**Brief**
Copy out every line holding the string "Engraved" from the records below.

Saved data entries

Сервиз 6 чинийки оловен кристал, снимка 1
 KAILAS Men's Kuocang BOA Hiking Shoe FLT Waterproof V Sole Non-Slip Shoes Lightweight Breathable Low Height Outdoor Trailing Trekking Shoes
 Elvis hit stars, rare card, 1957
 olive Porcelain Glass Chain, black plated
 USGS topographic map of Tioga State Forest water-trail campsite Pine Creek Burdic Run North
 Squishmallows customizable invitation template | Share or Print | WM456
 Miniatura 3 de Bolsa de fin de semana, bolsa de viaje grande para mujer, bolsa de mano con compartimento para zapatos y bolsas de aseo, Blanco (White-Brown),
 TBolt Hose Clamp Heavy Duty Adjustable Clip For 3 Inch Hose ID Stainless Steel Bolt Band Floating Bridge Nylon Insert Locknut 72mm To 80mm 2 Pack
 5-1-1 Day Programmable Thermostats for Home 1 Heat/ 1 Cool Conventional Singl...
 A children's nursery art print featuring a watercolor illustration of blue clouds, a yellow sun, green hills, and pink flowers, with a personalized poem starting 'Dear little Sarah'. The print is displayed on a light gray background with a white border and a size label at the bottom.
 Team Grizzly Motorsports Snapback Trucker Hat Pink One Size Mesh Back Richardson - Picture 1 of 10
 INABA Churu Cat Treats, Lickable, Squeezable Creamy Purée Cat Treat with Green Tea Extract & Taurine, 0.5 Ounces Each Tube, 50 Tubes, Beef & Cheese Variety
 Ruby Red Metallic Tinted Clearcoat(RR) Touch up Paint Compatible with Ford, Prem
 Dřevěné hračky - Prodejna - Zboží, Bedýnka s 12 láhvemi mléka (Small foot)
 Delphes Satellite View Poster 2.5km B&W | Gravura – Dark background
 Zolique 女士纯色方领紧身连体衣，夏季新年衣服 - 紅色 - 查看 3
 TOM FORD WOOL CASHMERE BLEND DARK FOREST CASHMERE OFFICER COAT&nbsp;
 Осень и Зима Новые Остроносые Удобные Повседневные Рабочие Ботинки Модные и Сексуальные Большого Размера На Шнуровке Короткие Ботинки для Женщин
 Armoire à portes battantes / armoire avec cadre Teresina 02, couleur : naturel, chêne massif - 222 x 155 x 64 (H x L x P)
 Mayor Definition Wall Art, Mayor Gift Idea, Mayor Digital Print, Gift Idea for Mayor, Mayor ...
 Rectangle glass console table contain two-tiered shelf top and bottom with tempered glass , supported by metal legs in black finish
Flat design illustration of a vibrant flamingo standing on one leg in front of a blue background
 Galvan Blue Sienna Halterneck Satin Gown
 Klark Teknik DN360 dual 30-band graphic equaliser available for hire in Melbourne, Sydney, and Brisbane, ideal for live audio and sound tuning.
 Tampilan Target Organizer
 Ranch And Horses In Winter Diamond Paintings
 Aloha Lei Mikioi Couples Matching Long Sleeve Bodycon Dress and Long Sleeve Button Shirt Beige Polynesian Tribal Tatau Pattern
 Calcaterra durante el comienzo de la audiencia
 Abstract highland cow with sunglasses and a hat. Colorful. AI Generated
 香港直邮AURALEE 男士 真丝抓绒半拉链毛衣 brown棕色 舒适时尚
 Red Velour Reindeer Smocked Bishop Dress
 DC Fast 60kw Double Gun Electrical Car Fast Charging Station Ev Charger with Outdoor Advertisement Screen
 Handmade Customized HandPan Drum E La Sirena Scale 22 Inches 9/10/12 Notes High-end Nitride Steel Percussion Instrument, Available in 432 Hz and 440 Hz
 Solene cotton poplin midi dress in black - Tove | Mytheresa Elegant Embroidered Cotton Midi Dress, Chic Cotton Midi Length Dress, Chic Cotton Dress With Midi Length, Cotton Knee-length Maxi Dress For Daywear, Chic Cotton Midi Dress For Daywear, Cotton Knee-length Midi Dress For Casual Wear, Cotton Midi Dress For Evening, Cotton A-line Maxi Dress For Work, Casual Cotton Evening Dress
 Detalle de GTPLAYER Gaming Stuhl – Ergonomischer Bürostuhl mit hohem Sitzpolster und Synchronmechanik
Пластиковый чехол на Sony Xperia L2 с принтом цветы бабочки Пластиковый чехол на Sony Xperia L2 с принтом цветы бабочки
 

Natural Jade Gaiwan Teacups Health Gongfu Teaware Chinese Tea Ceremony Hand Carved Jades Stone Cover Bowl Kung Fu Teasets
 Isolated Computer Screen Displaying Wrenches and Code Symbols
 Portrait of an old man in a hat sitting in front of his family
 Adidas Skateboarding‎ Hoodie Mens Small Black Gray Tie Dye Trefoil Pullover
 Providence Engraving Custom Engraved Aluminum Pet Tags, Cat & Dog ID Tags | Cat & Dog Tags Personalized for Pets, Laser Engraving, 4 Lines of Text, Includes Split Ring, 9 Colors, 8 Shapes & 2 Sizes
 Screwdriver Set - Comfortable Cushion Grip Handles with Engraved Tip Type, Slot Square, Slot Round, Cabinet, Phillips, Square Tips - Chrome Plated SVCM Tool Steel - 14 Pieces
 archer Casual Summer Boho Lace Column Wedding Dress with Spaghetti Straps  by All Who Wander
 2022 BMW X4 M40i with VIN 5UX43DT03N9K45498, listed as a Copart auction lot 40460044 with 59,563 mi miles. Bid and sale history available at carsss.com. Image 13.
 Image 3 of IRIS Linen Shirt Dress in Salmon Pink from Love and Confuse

**Written answer**
 Providence Engraving Custom Engraved Aluminum Pet Tags, Cat & Dog ID Tags | Cat & Dog Tags Personalized for Pets, Laser Engraving, 4 Lines of Text, Includes Split Ring, 9 Colors, 8 Shapes & 2 Sizes
 Screwdriver Set - Comfortable Cushion Grip Handles with Engraved Tip Type, Slot Square, Slot Round, Cabinet, Phillips, Square Tips - Chrome Plated SVCM Tool Steel - 14 Pieces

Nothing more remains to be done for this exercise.